Seperti yang ditulis oleh Diana Li dari Bloomberg pada hari Jumat, 97% perusahaan kelas spekulatif yang mengumumkan akuisisi pada tahun 2019 gagal memenuhi perkiraan pada tahun pertama pendapatan mereka, menurut S&P. Untuk kesepakatan 2018, itu adalah 96% dan 93% untuk akuisisi 2017. Bahkan setelah ekonomi dibanjiri stimulus fiskal dan moneter setelah pandemi, sekitar 77% pembelian dan akuisisi dari 2019 masih kurang dari pendapatan yang diproyeksikan, menurut penelitian S&P.

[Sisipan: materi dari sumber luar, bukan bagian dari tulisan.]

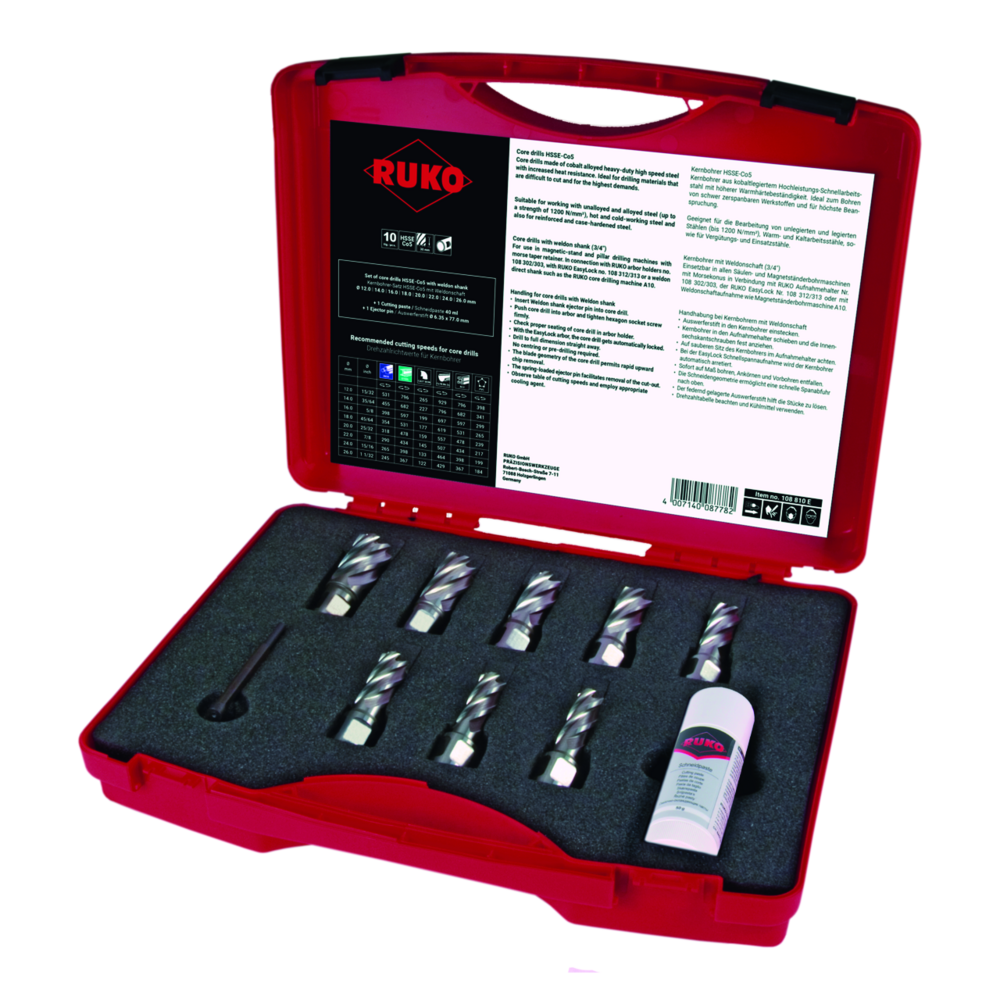 "Kernbohrer-Satz, Ruko HSS-Co 5, Weldonschaft (¾""), Schnitttiefe 30,0 mm - 10-t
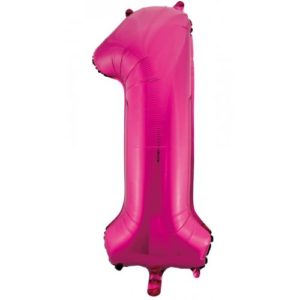 Jumbo Foil Number Balloon - Magenta One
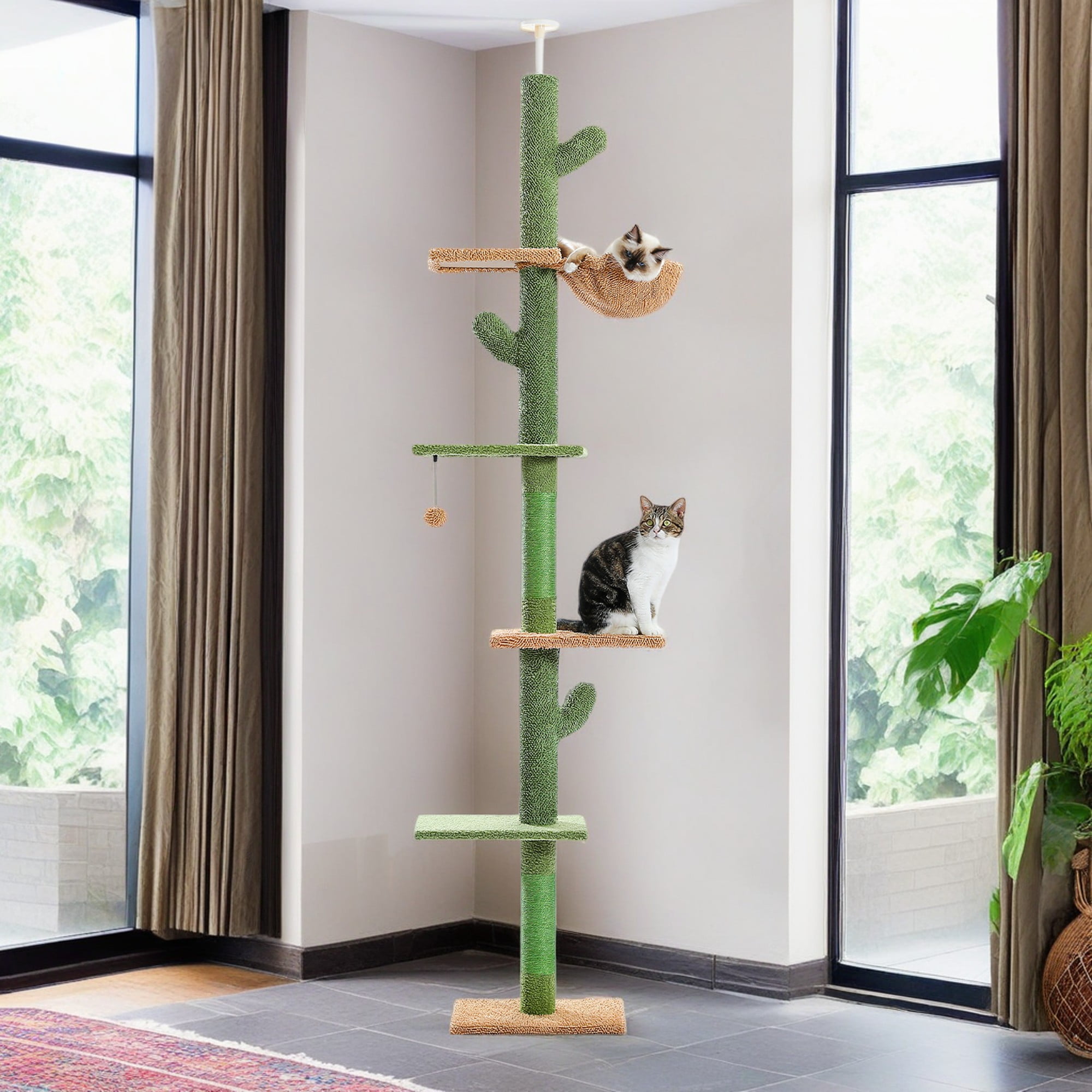 Kadyn 95"-108" Adjustable Height Cactus Cat Tree for Indoor Cats, Modern Floor to Ceiling Cat Tower, 5 Level Cat Climbing Tree, Green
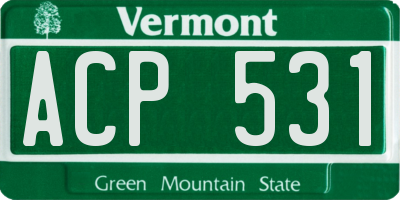 VT license plate ACP531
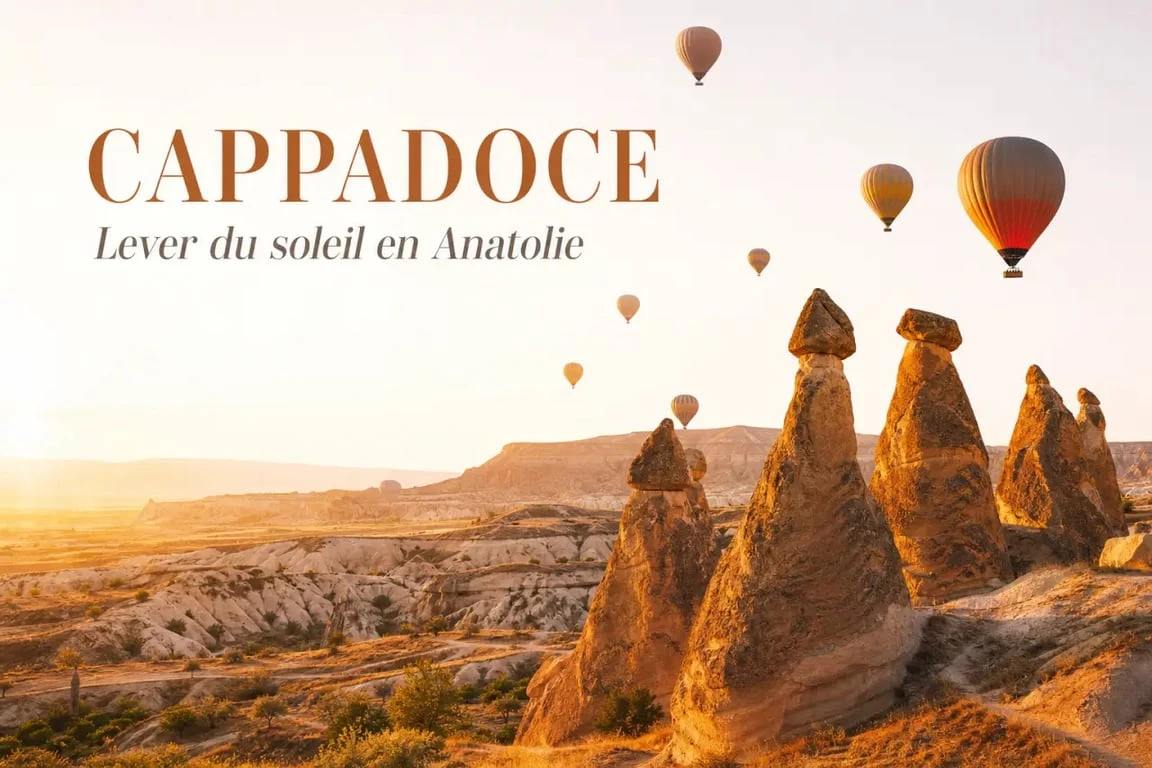 Paysage de montgolfières au lever du soleil en Cappadoce pour préparer son voyage en Turquie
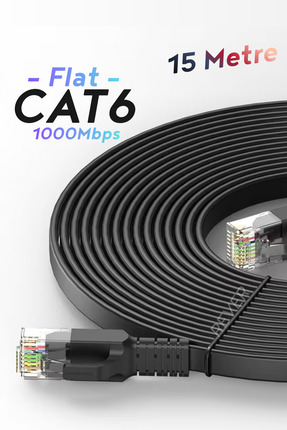 Rever CAT6 Ethernet Kablosu 15 Metre Flat Tasarım 1000Mbps Fabrikasyon Modem ...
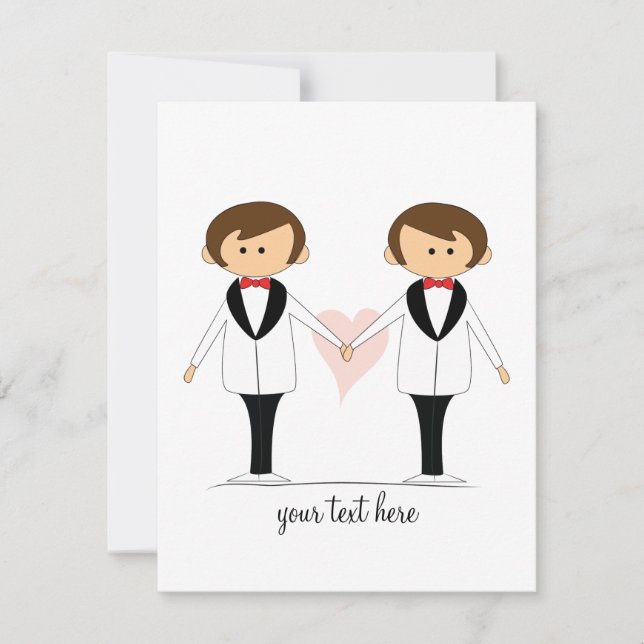 Two Grooms Wedding Invitations (Front)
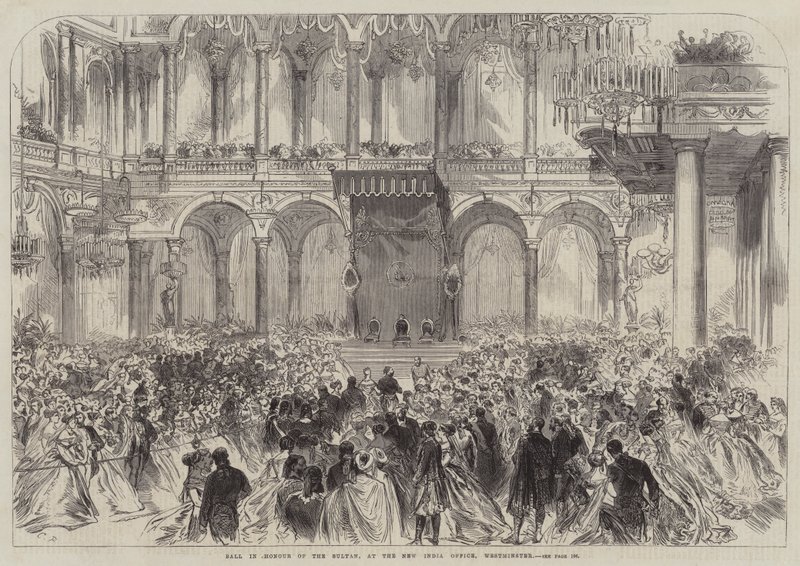 Ball til ære for sultanen, på New India Office, Westminster av Sir John Charles Robinson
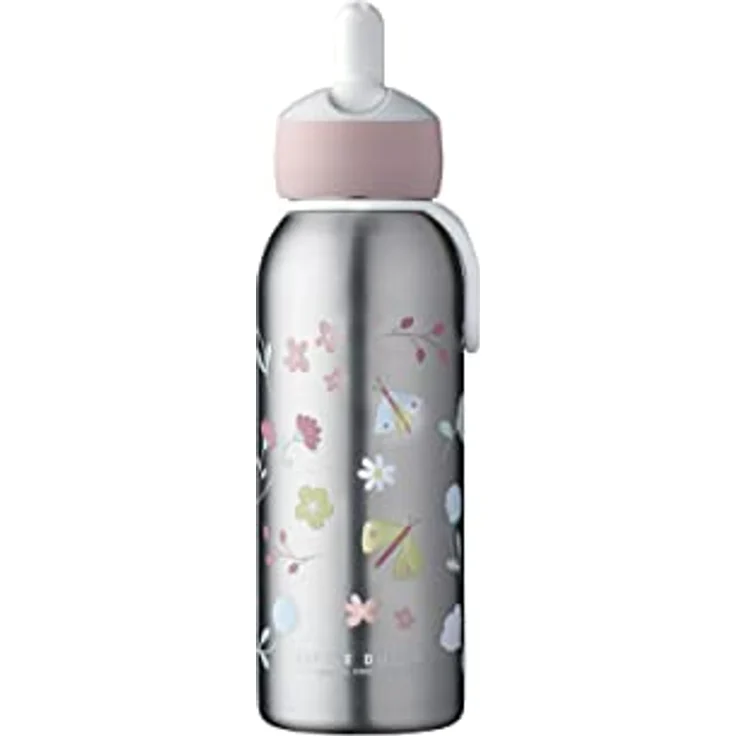 Mepal - Thermoflasche Flip-Up Campus - Isolierte Trinkflaschen Little Dutch - Edelstahl Thermosflasche - 9 Stunden heiß & 12 Stunden kalt - BPA-frei - 350 ml - Flowers & Butterflies - Preisvergleich – Bild 2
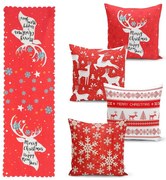 Set 4 fețe de pernă și un napron de masă cu model de Crăciun Minimalist Cushion Covers Joy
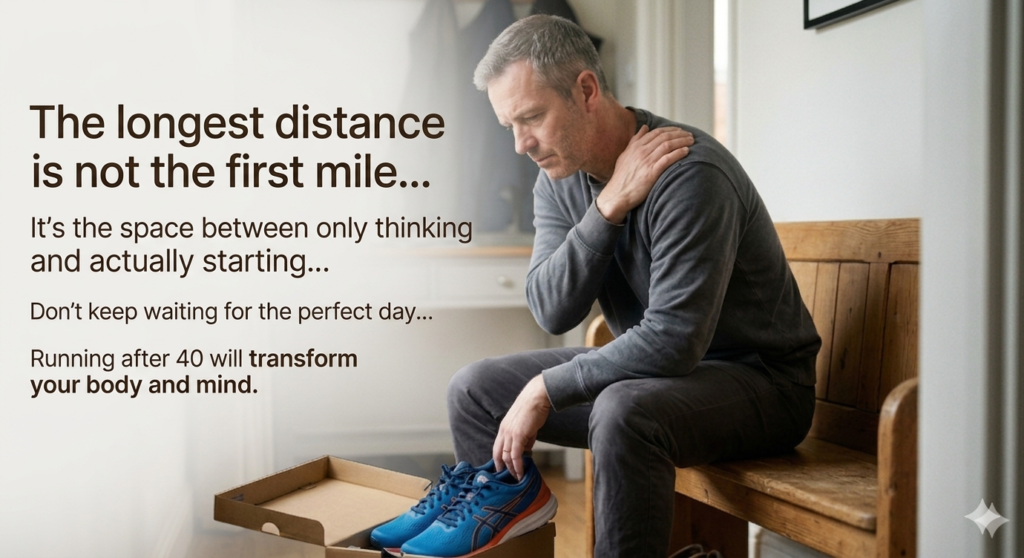 A middle-aged man sitting on a bench, contemplating his new running shoes and rubbing a sore shoulder, symbolizing the mental and physical hurdles of starting running after 40.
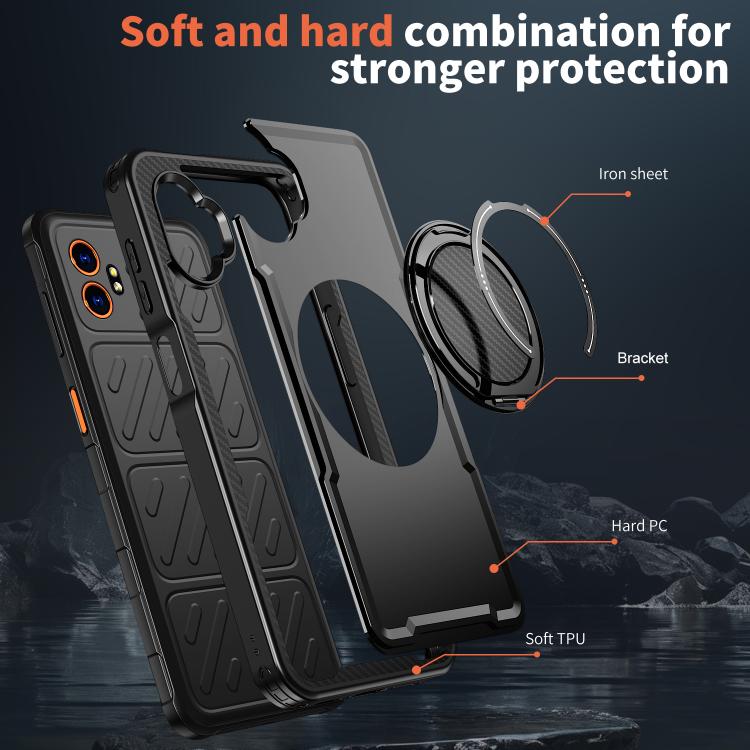 For Samsung Galaxy XCover7 Pro Metal 360 Degree Rotation Holder MagSafe Phone Case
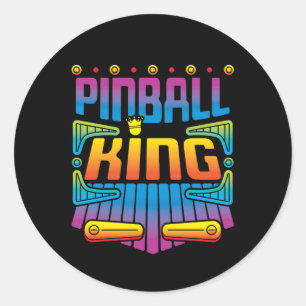 Flipperkoning Arcade Game Speler Ronde Sticker
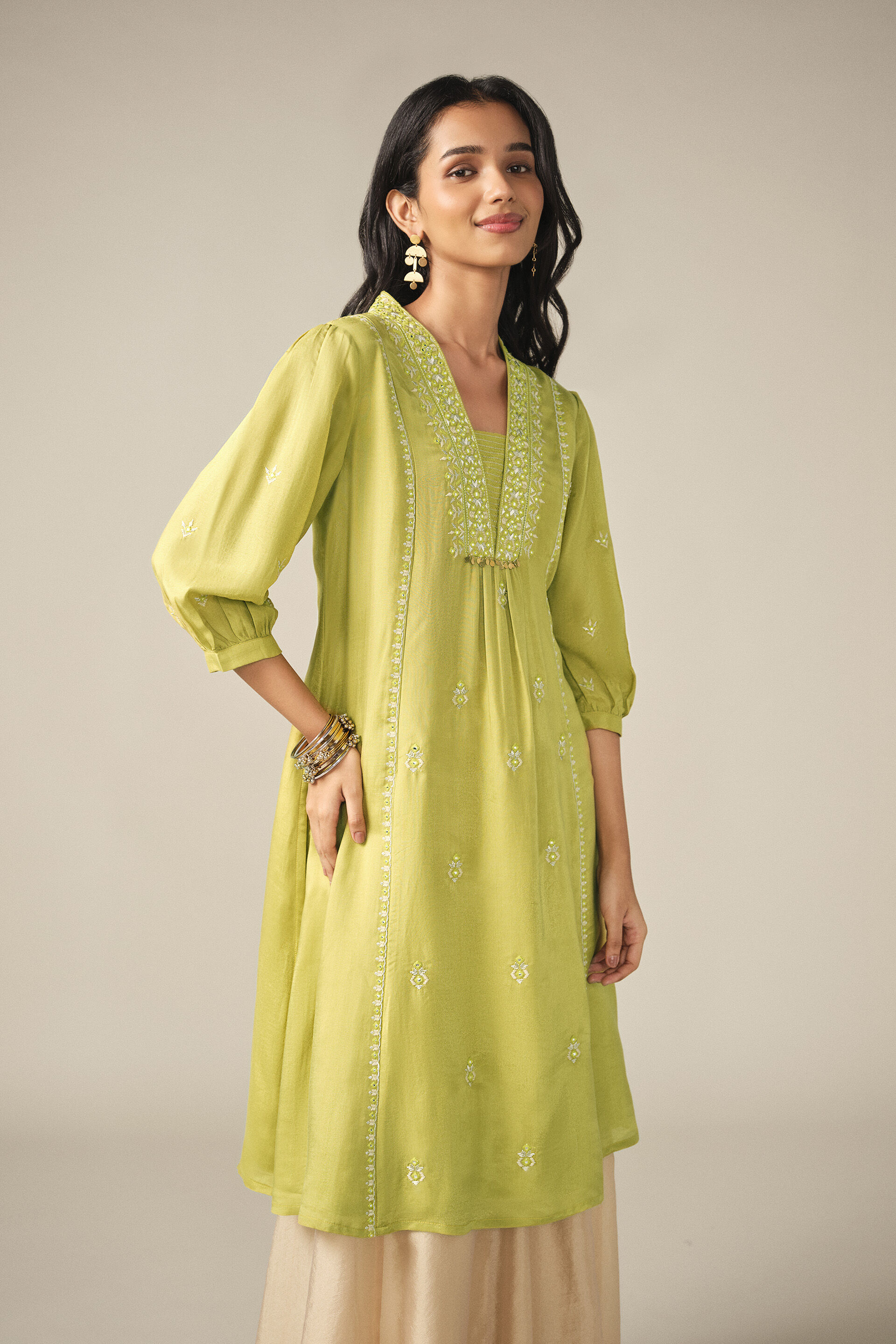 Embroidered A-line Kurta in Lime Green, Lime Green, image 3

Kekhawatiran yang lebih besar adalah bahwa proyeksi pendapatan yang cerah selama bertahun-tahun menutupi jumlah pengaruh pada neraca perusahaan dengan peringkat terendah. Pada tahun 2019, sebelum pandemi Covid-19 membuat pasar jatuh pada tahun berikutnya, add-back menyumbang sekitar 28% dari total angka Ebitda yang disesuaikan yang digunakan untuk pinjaman akuisisi pasar, menurut data Covenant Review pada saat itu. Itu naik dari 17% pada 2017.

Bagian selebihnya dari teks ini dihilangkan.